Exotische Tiere als Statussymbol

Primaten gehören zu den am meisten gehandelten Säugetieren auf Verkaufsplattformen für exotische Tiere im Internet. In Deutschland ist der Handel mit und die Haltung von sogenannten Exoten in Privathand weitgehend unreglementiert. Wenn der Preis stimmt, werden auch streng geschützte und äußerst empfindliche Tierarten selbst an Laien verkauft und als Statussymbol missbraucht. Durch die hohen Sterberaten als Folge der mangelhaften Haltung und Pflege bleibt die Nachfrage auf einem hohen Niveau.

Nicht erst seit der Coronakrise ist bekannt, dass exotische Tiere ein Reservoir für gefährliche Krankheitserreger sein können: Tiere wie Affen, Schlangen oder Schildkröten sind häufig mit ansteckenden Darmparasiten wie Würmern oder Giardien infiziert, die auch auf den Menschen übertragbar sind. Schätzungen des Robert-Koch-Instituts zufolge rührt jede dritte Salmonelleninfektion bei Kleinkindern von dem Kontakt zu exotischen Reptilien her. [1]

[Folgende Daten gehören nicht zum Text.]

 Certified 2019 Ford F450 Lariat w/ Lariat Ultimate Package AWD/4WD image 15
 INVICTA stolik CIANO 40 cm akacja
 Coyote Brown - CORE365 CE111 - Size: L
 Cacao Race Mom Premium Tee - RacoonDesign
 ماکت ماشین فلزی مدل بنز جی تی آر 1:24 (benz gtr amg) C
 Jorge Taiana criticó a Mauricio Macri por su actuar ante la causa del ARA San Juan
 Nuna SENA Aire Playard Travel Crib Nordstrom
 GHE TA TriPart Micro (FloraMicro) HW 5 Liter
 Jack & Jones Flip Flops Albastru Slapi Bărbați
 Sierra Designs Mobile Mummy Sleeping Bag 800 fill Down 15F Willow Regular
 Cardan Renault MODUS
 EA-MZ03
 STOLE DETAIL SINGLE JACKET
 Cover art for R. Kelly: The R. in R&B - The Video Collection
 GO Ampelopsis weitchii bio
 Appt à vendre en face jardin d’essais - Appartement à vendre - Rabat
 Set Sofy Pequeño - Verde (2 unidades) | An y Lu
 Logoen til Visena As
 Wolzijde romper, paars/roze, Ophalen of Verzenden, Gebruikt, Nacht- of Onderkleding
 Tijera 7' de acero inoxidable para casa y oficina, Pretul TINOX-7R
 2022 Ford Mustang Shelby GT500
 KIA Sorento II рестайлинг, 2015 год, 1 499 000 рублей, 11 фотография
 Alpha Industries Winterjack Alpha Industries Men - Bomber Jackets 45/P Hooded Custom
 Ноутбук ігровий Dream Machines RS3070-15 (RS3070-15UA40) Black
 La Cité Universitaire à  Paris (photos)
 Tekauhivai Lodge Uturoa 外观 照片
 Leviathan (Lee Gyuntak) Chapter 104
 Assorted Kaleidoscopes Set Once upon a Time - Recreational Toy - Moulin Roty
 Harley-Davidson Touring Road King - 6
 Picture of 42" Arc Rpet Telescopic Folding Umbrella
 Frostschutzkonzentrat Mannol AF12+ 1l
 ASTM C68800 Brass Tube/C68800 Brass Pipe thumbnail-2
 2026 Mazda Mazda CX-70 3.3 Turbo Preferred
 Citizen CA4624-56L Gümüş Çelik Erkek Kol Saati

Weißhandgibbons sind hauptsächlich in den tropischen Wäldern Thailands und Malaysias zu Hause. Charakteristisch sind ihr einzigartiger Gesang und das sogenannte Schwinghangeln, mit dem sie sich durch die Baumkronen fortbewegen.

PETAs Motto lautet: Tiere sind nicht dazu da, dass wir an ihnen experimentieren, sie essen, sie anziehen, sie uns unterhalten oder wir sie in irgendeiner anderen Form ausbeuten. Die Organisation setzt sich gegen Speziesismus ein – eine Weltanschauung, die den Menschen als allen anderen Lebewesen überlegen einstuft.


 [1] Robert Koch-Institut (2013): Salmonella-Infektionen bei Säuglingen und Kleinkindern durch Kontakt zu exotischen Reptilien. Epidemiologisches Bulletin. 4. März 2013 / Nr. 9.